In a pre-packaged bankruptcy case, the bankruptcy court has not approved the solicitation procedures to be employed prior to their implementation. As a result, the plan proponent "takes a substantial risk that, at the confirmation stage of the case, the court may determine that the proposed disclosure statement or process of solicitation are inadequate." In re City of Colorado Springs Spring Creek Gen. Improvement Dist., 177 B.R. 684, 691 (Bankr. D. Colo. 1995). A bankruptcy court must scrutinize the pre-petition solicitation process to ensure that those parties affected by the plan have received proper notice. See In re Pioneer Finance Corp., 246 B.R. 626, 633 (Bankr. D. Nev. 2000). When the creditors to be solicited are holders of publicly traded bonds, concerns about notice are heightened because the entity entitled to actually vote to accept or reject the reorganization plan is generally not accessible (or, oftentimes, known) through traditional methods of solicitation.

Who's Who in the Bond Ownership Structure

Publicly traded bonds generally are held in three layers of ownership. The few entities at the top and in the middle layer generally have no economic interest in the security. These entities, or the "middle-men," hold in name only and merely facilitate "the rapid trading and marketability of securities." In re St. Therese Care Center Inc., Case No. 4-90-7394, 1991 WL 217669 at * 2 (Bankr. D. Minn. Oct. 23, 1991). The numerous entities on the bottom layer, however, have the economic stake in the bonds. Understanding these layers can help a debtor structure its solicitation in a way that satisfies the Bankruptcy Code's concerns of "providing full disclosure to creditors so that those creditors can cast their ballots intelligently," thereby minimizing the risk of resolicitation. Id.
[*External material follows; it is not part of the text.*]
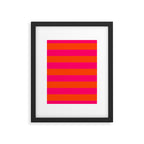 Bright Neon Pink and Orange Horizontal Cabana Tent Stripes Framed Art Print Gallery Image 6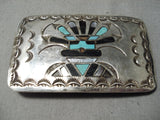 Noteworthy Vintage Native American Navajo Turquoise Sterling Silver Buckle Old-Nativo Arts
Layer One: The Depository Trust Company

Generally, the largest holder of the bonds at the top layer, or in the case of a global bond certificate, the sole holder, is Cede & Co. Cede & Co. is the account name used by The Depository Trust Company (DTC), which was formed in the 1960s to act as the central depository for virtually all securities held by banks and brokerage firms. DTC has no economic or voting interest in the securities it holds. DTC's sole purpose is to facilitate the electronic trading of securities between the entities that hold the securities at the second layer.

Layer Two: Record Holders

The entities that comprise the second layer of ownership are referred to interchangeably as "participants," "nominees," "record-holders" or "custodial holders." In the bankruptcy context, "record-holder" is the term of art that is most frequently used. These record-holders are generally large banks and brokerage firms that hold either for their own account, or in most cases, for the account of those below them—the beneficial owners.
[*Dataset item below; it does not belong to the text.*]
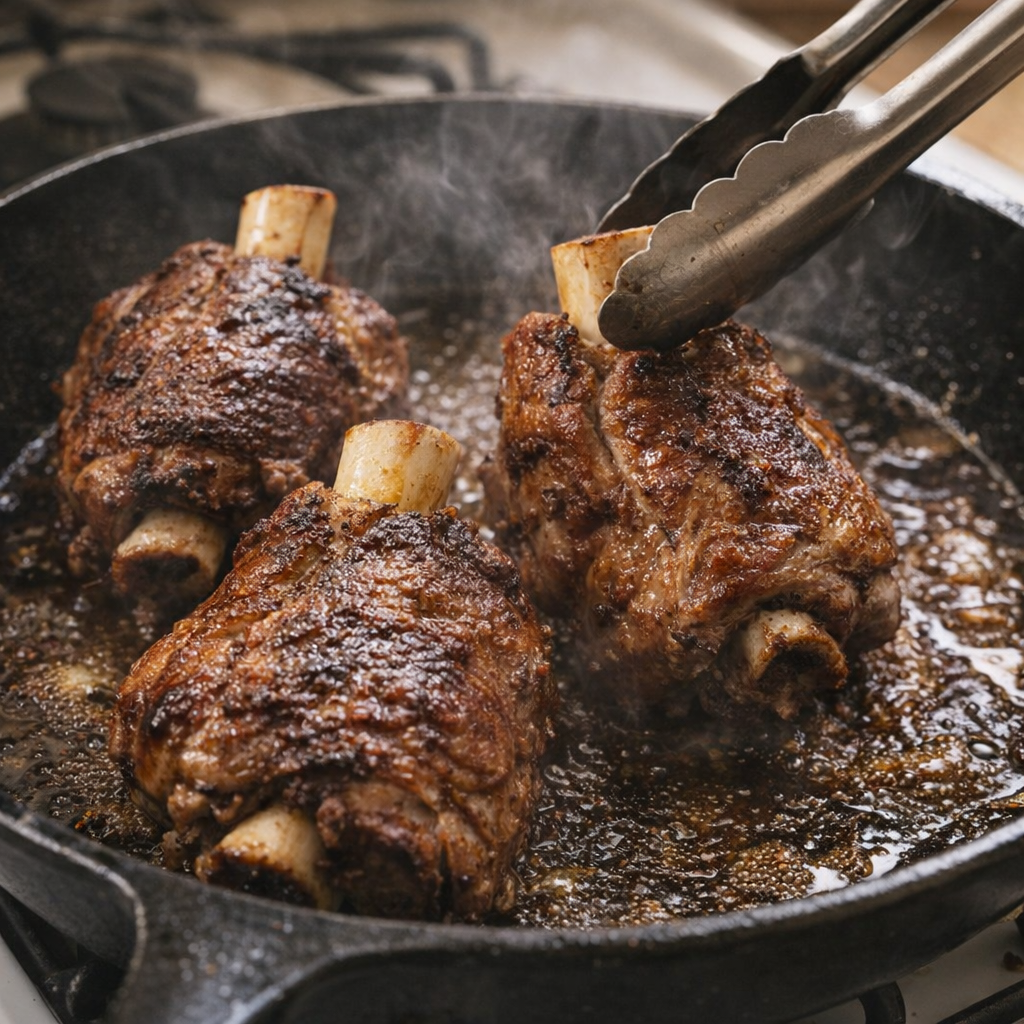 Pork shanks browning in a skillet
Layer Three: Beneficial Owners

Although the bonds are held in the name of the record-holder, the beneficial owner has the ultimate interest in the bond. This has implications for solicitation and voting. The Bankruptcy Code provides that "the holder of a claim" is entitled to vote on a reorganization plan. 11 U.S.C. §1126(a). The holder of a "claim" is one who has a "right to payment." 11 U.S.C. §101(5). Because the beneficial holder will receive the benefits of any plan distribution, "it is the beneficial holder, not a holder of record, who has the 'claim' and the 'right to payment.'" Pioneer, 246 B.R. at 633 (denying confirmation where pre-petition solicitation materials only were sent to record-holders, not beneficial owners); see, also, In re Southland Corp., 124 B.R. 211, 227 (Bankr. N.D. Tex. 1991) (finding that beneficial owners, not record-holders, are the proper entities to vote to accept or reject a debtor's plan); Fed. R. Bank. P. 3017(e) (stating that at a disclosure statement hearing the bankruptcy court shall consider procedures for transmitting the solicitation materials to "beneficial holders" of bonds). Thus, the beneficial owner, not the record-holder, is entitled to vote to accept or reject a debtor's plan.
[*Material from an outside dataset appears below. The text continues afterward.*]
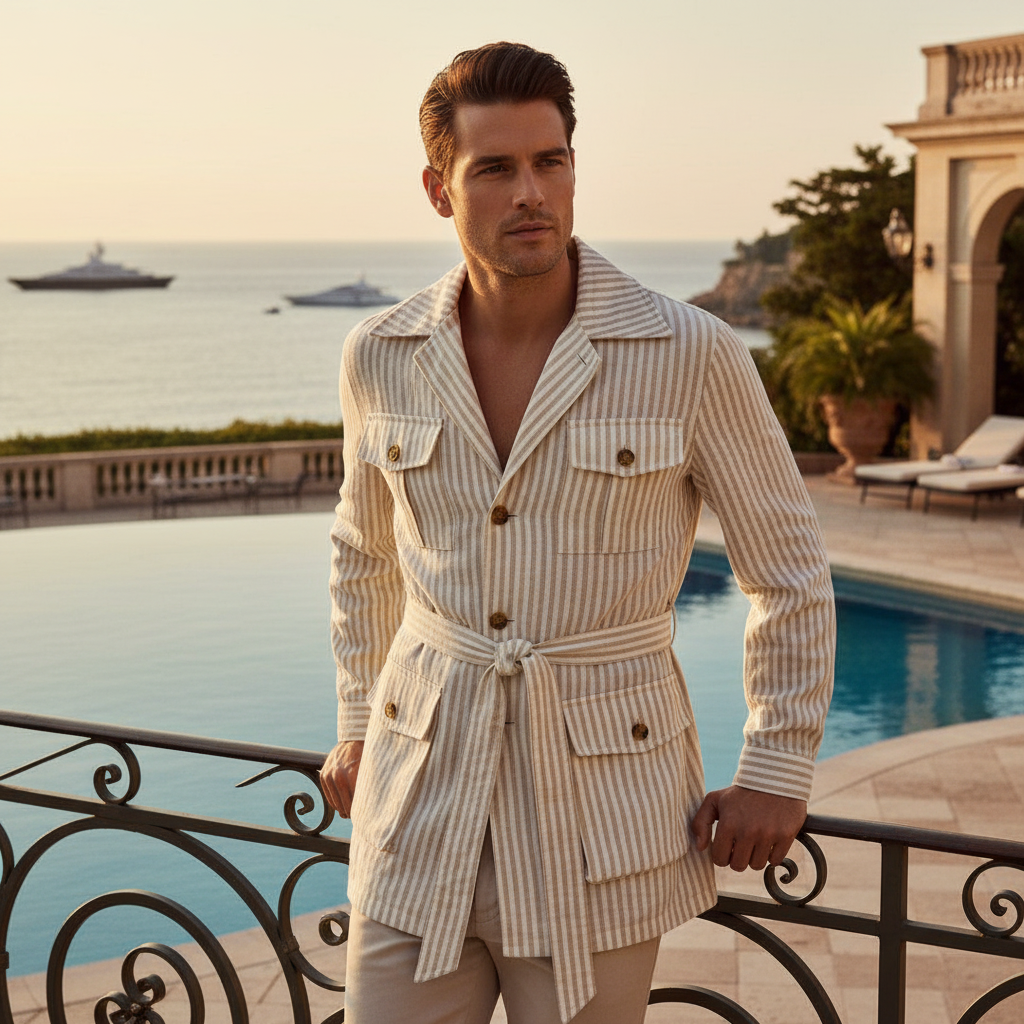 La Veste Rayures – Veste Homme à Rayures Verticales & Ceinture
Structuring any solicitation requires that you not only understand the layers of bond ownership generally, but that you also understand the structure of ownership of the bonds you are seeking to solicit.

The Voting Process

The issuer of the bonds will be able to obtain from DTC a list of the record-holders, but generally not the names of all beneficial owners. In essence, you will need to structure a solicitation process that uses the record-holders as conduits to transmit the disclosure statement, reorganization plan and ballots (the "solicitation materials") to the beneficial owners. These record-holders will receive (at least in the first instance) the solicitation materials and will be responsible for making sure the materials are sent to the beneficial owners.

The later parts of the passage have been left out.